=== Begin Enclosure ===

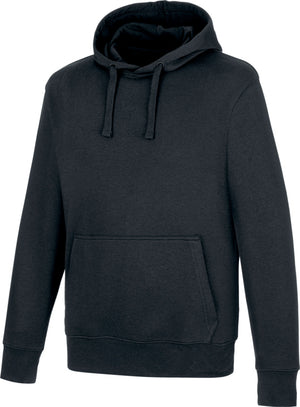 Anthrazitfarbener Arbeitskapuzenpullover mit Kapuze und Kängurutasche aus Baumwolle.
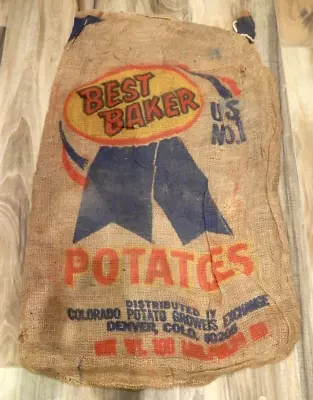 VTG 100 Lb Used Burlap Potato Sack-Best Baker Potatoes-HOLES-Denver CO- 10D • $15.99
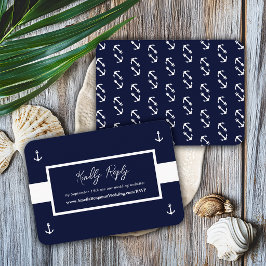 Cartão De Informações Site de Casamento RSVP com Padrão Náutico Branco A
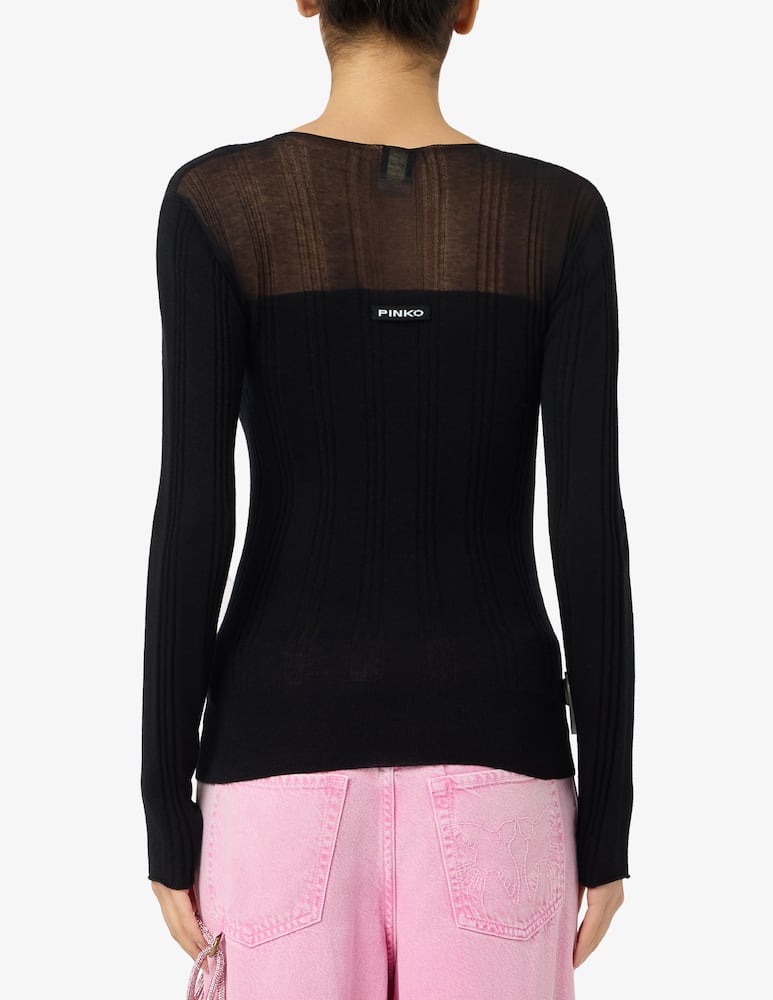 rinascente Pinko Sheer panel silk blend jumper
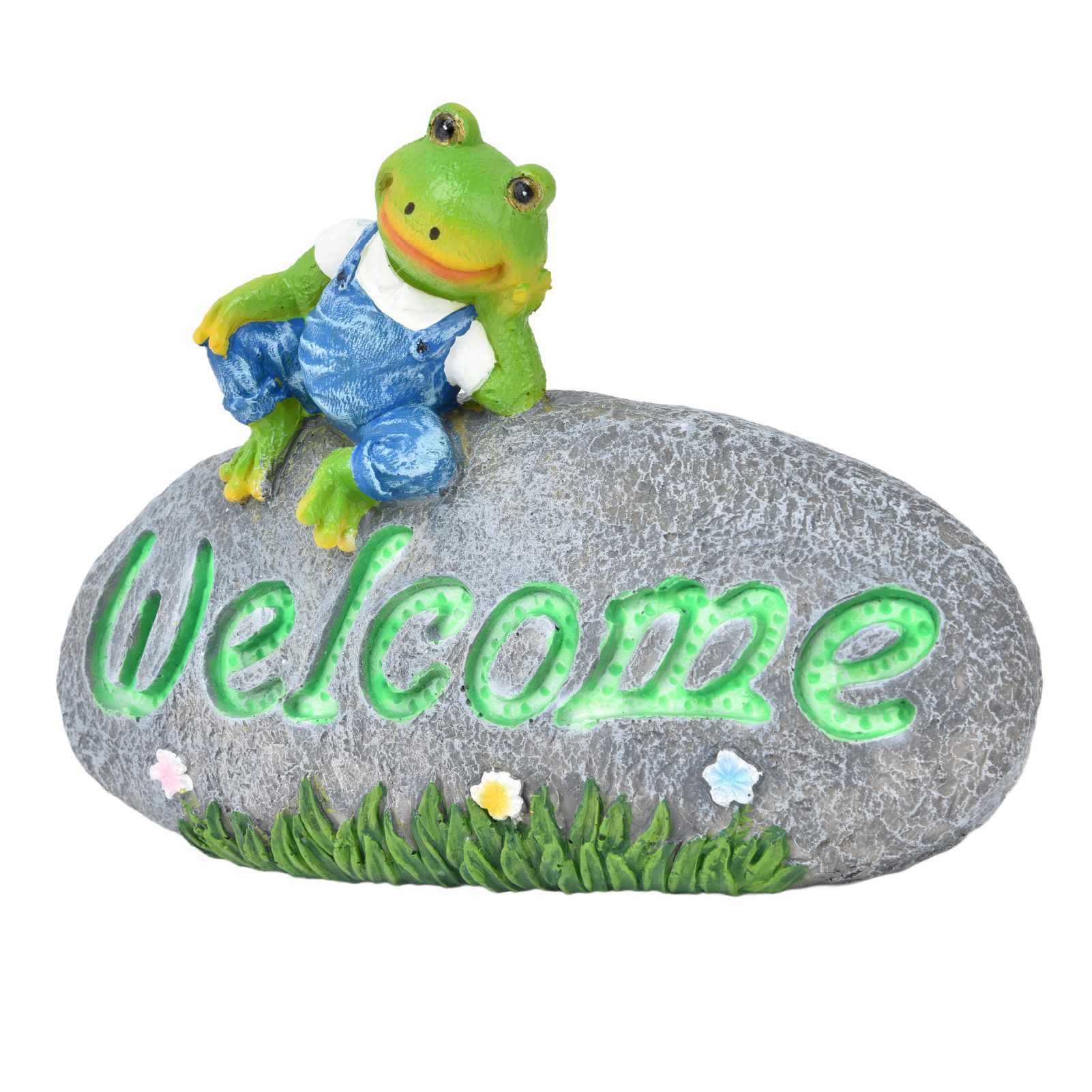 Welcome Frog Statue Luminous Garden Decor Resin Craftwork Patio Yard Lawn view 9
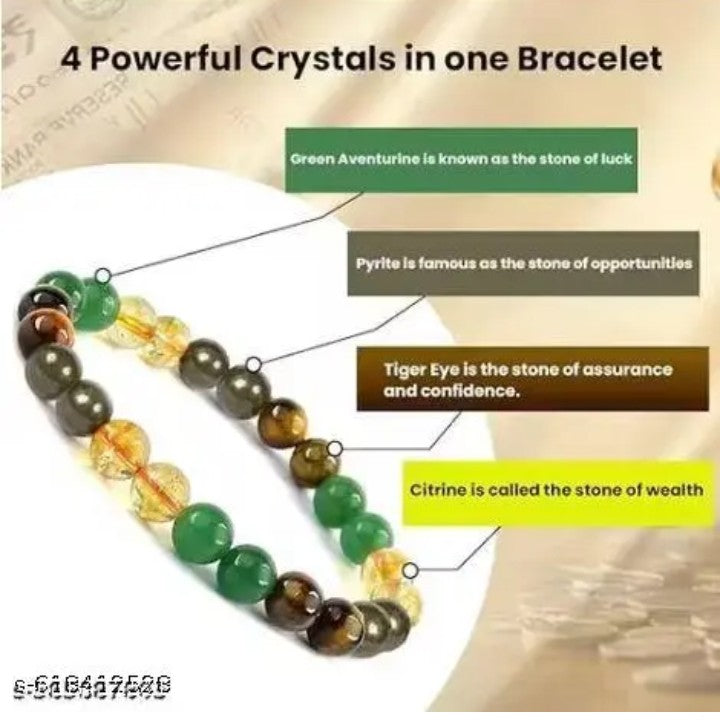 CALMING CRYSTALS Certified Dhan Yog Money Magnet Bracelet for Men &amp; Women Attracts Wealth , Prosperity &amp; Luck Natural Pyrite Green Aventurine Citrine Clear Quartz Tiger Eye Green Jade Crystal 8mm Beads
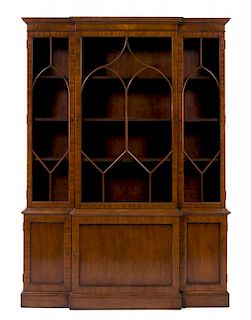 A Regency Style Mahogany Breakfront Bookcase Height 82 1/4 x width 59 3/8 x depth 15 inches.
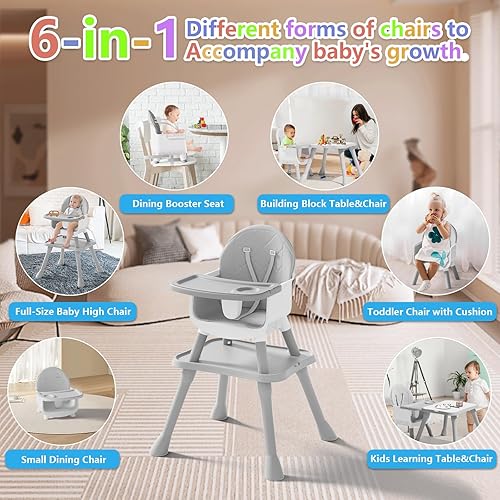 6 in 1 Baby High Chair for Babies and Toddlers, Booster Seat, Kids Learning Table & Chair (Grey) - Jamouz
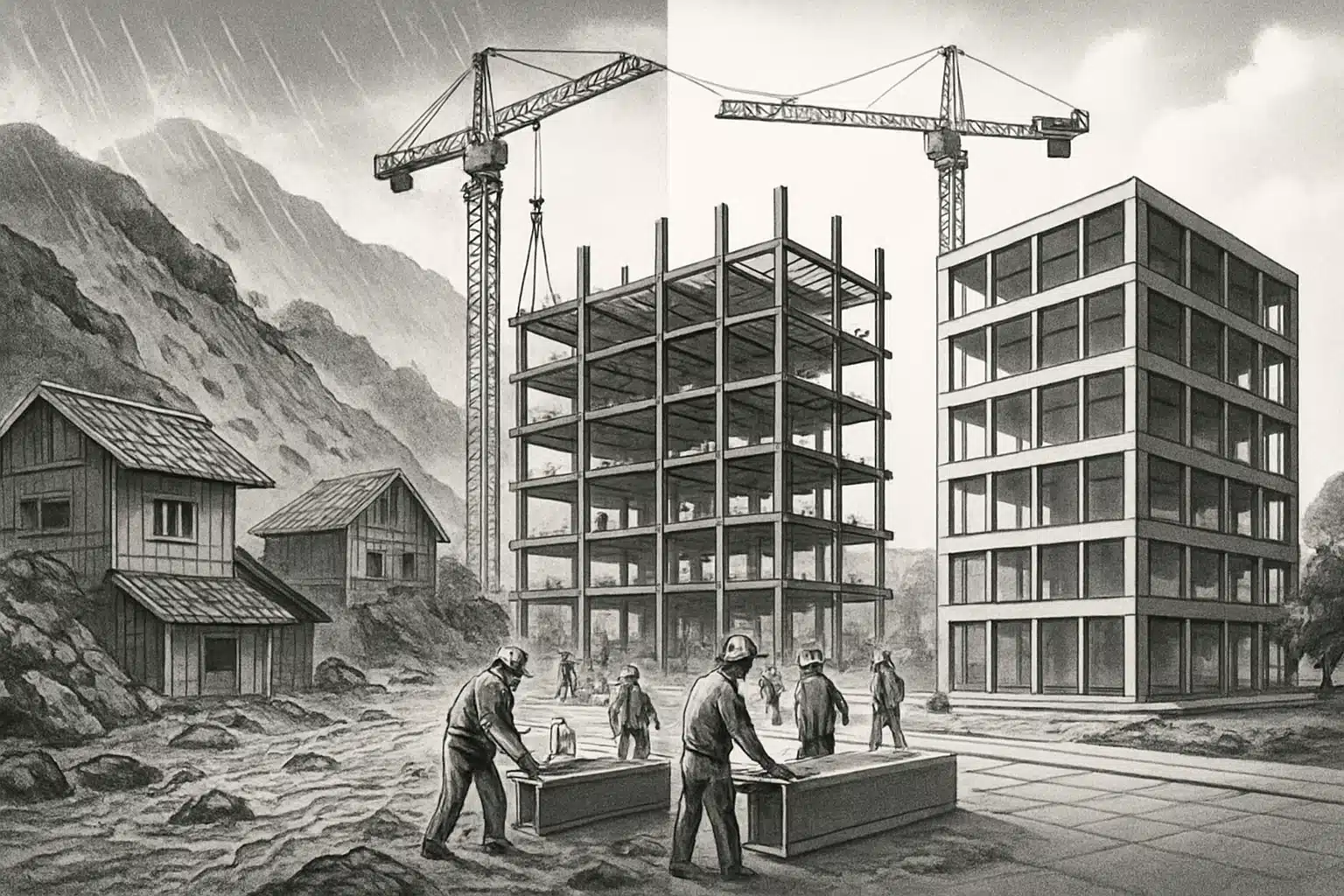 Steel construction site with cranes and workers in a mountainous area.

=== End Enclosure ===

* Work instructions *
I'd like the material duplicated exactly, without its pictures.

* Response to the exercise *
 Anthrazitfarbener Arbeitskapuzenpullover mit Kapuze und Kängurutasche aus Baumwolle.
 VTG 100 Lb Used Burlap Potato Sack-Best Baker Potatoes-HOLES-Denver CO- 10D • $15.99
 Cartão De Informações Site de Casamento RSVP com Padrão Náutico Branco A
 rinascente Pinko Sheer panel silk blend jumper
 Welcome Frog Statue Luminous Garden Decor Resin Craftwork Patio Yard Lawn view 9
 CALMING CRYSTALS Certified Dhan Yog Money Magnet Bracelet for Men &amp; Women Attracts Wealth , Prosperity &amp; Luck Natural Pyrite Green Aventurine Citrine Clear Quartz Tiger Eye Green Jade Crystal 8mm Beads
 A Regency Style Mahogany Breakfront Bookcase Height 82 1/4 x width 59 3/8 x depth 15 inches.
 6 in 1 Baby High Chair for Babies and Toddlers, Booster Seat, Kids Learning Table & Chair (Grey) - Jamouz
 Steel construction site with cranes and workers in a mountainous area.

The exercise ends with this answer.